The vast majority of Hotstar’s subscribers view the free, ad-supported content but the platform also has two subscriptions tiers – Hotstar VIP which offers original programming and some sports events for around US$5 a month, and Premium which adds English-language content and live sports for roughly US$14. Though Hotstar itself doesn’t publicise the numbers, analysts estimate that around 4-5m people subscribe to the VIP service and 2m the Premium tier.
Disney+ pricing in the US is relatively simple – $7 per month (or $70 per year) gives subscribers access to all the content the service has to offer. Interestingly, the company doesn’t just stream content – it makes it available for download onto Android and iOS smartphones in three different levels of quality to suit subscribers in areas of slow or limited mobile network coverage. As of January this year, app downloads had hit almost 41m across both Apple and Google stores according to mobile analytics firm Sensor Tower, with approximately 84% of the estimated US$97m of Disney Plus mobile revenue coming from the US in the service’s first 60 days of operation.
But for Disney+ to reach a wider audience – particularly with younger segments of the Indian population – more flexible billing options are likely to be needed, including allowing buyers to easily purchase content on a limited basis through their mobile phone bills or prepaid top-ups. Hotstar already has a partnership agreement that sees its services bundled with subscriptions to Airtel’s mobile phone services with Airtel allowing customers to make Hotstar purchases via their postpaid bills (as well as prepaid talk-time).

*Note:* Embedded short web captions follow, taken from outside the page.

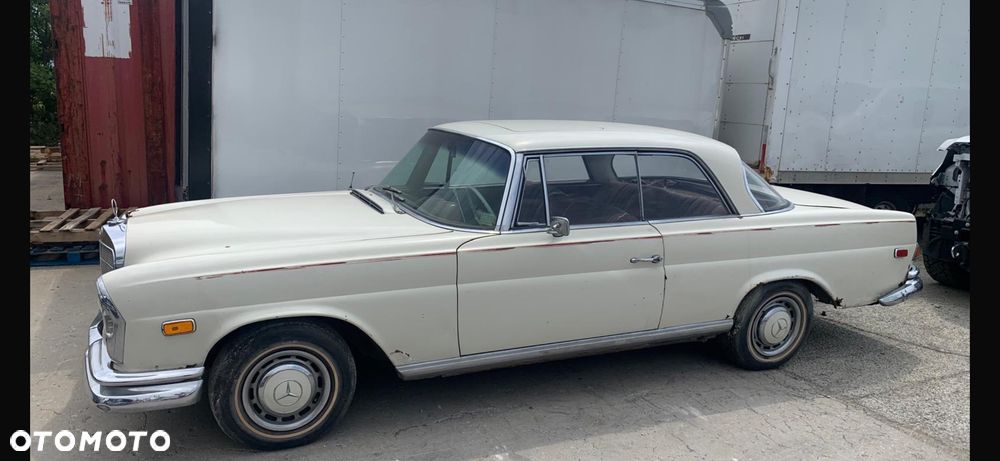 Mercedes-Benz W111 - 2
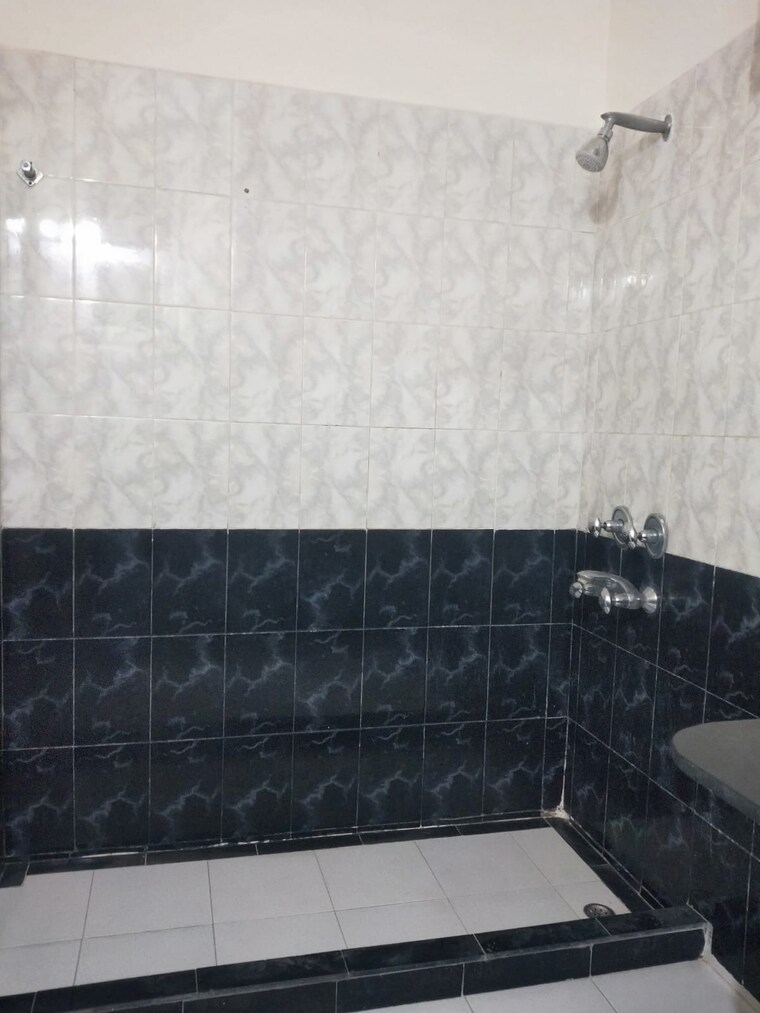 Bathroom, sushant-lok-3 3 Bedroom 2150 Sq.Ft. Apartment In Sector 57 Gurgaon 9573785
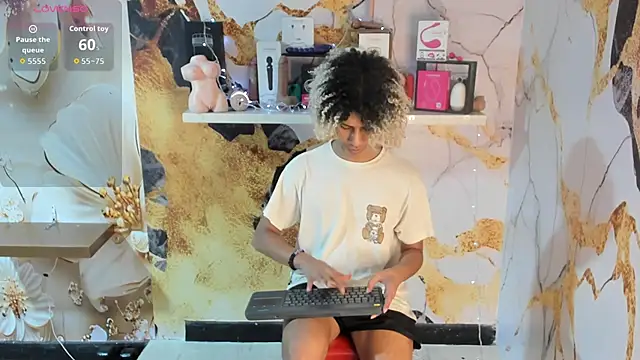 Victor LatinBoy online show from 02.28.26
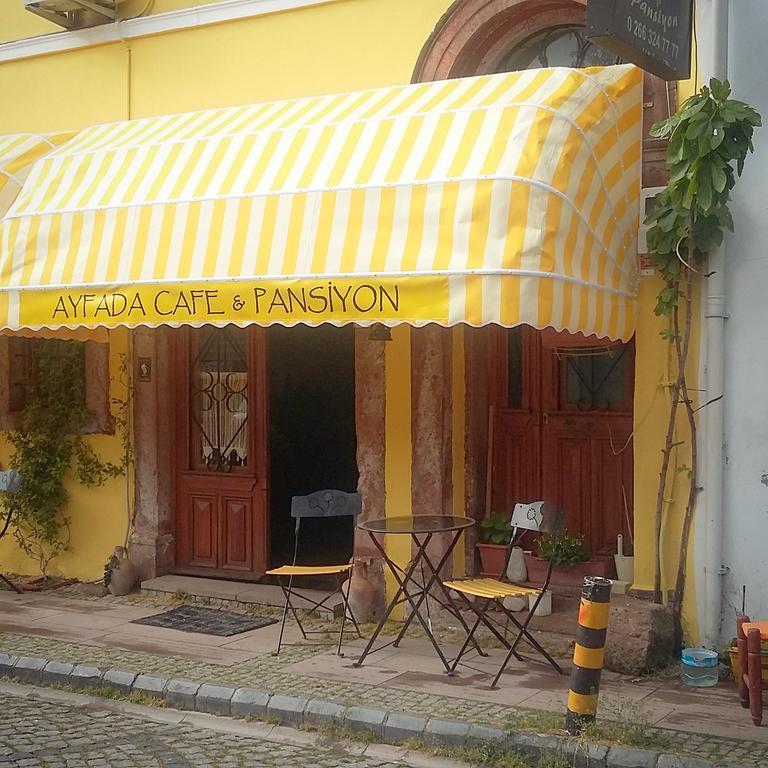 Ayfada Cafe & Pension ไอวาลิค ภายนอก รูปภาพ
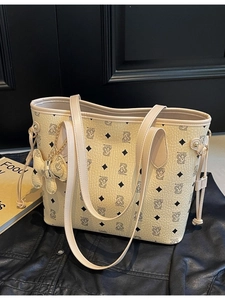 Grand sac cabas beige avec motif ours et texture cuir pour le trajet quotidien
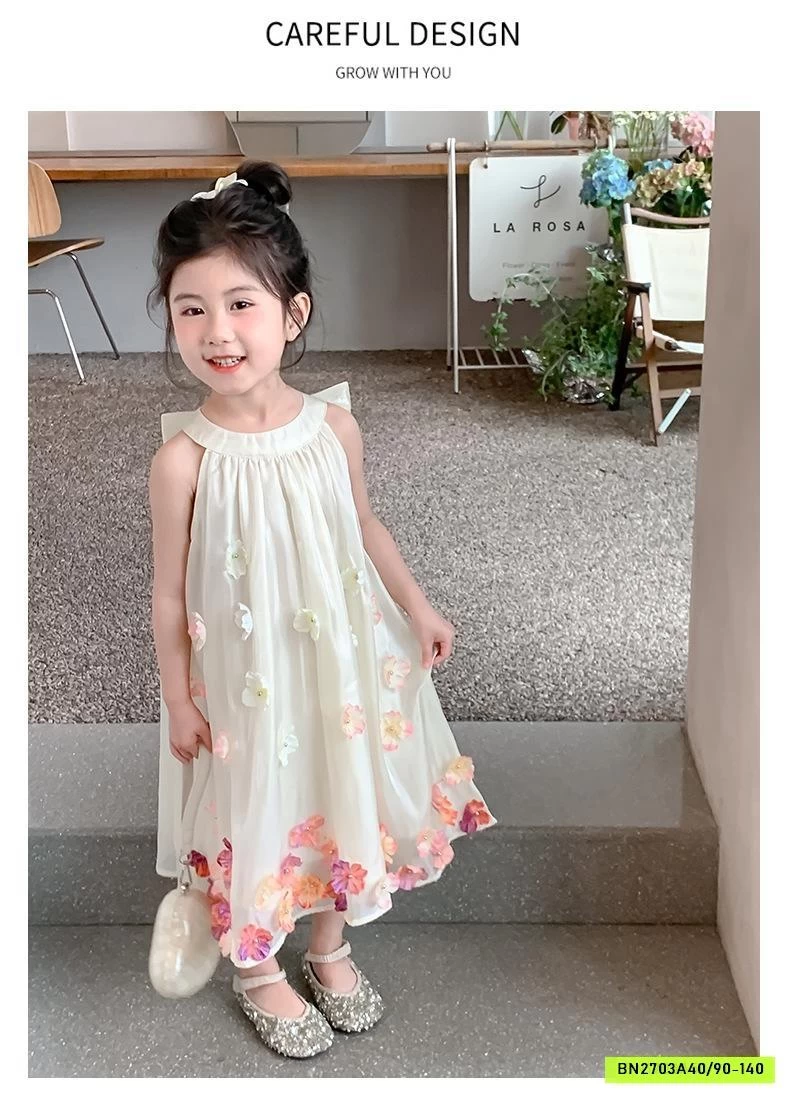 ĐẦM CỔ YẾM GẮN HOA 3D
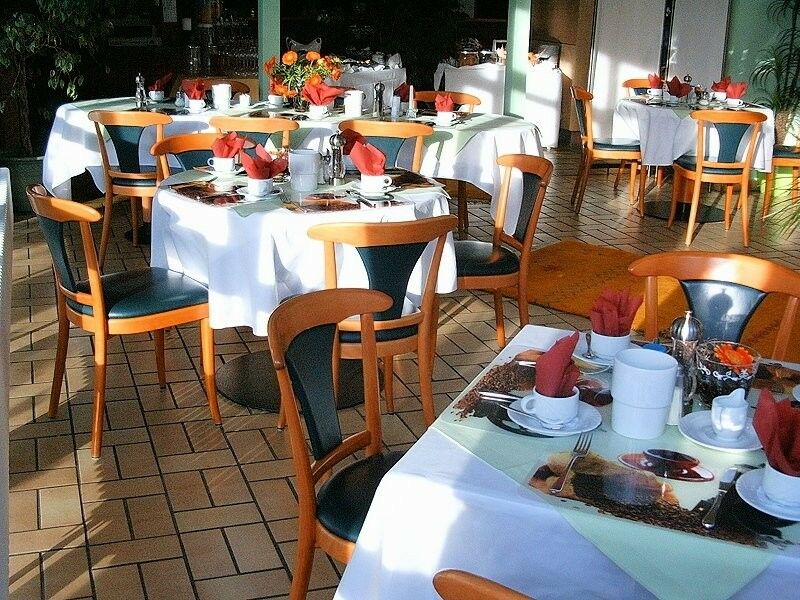Sport Und Tagungshotel Kenzingen Exterior foto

Membership is also available by entering credit/debit card details on Hotstar’s websites, and through monthly billing to Apple’s iTunes service through the iOS App. With the high number of Indian subscribers accessing Hotstar (and soon Disney+Hotstar) content through their mobile phones however, the company may need to expand its relationship with more local MNOs and digital wallets to allow subscriptions to be collected through mobile phone bills and improve the customer experience with a proven billing platform that delivers more efficient onboarding, refunds and customer support processes.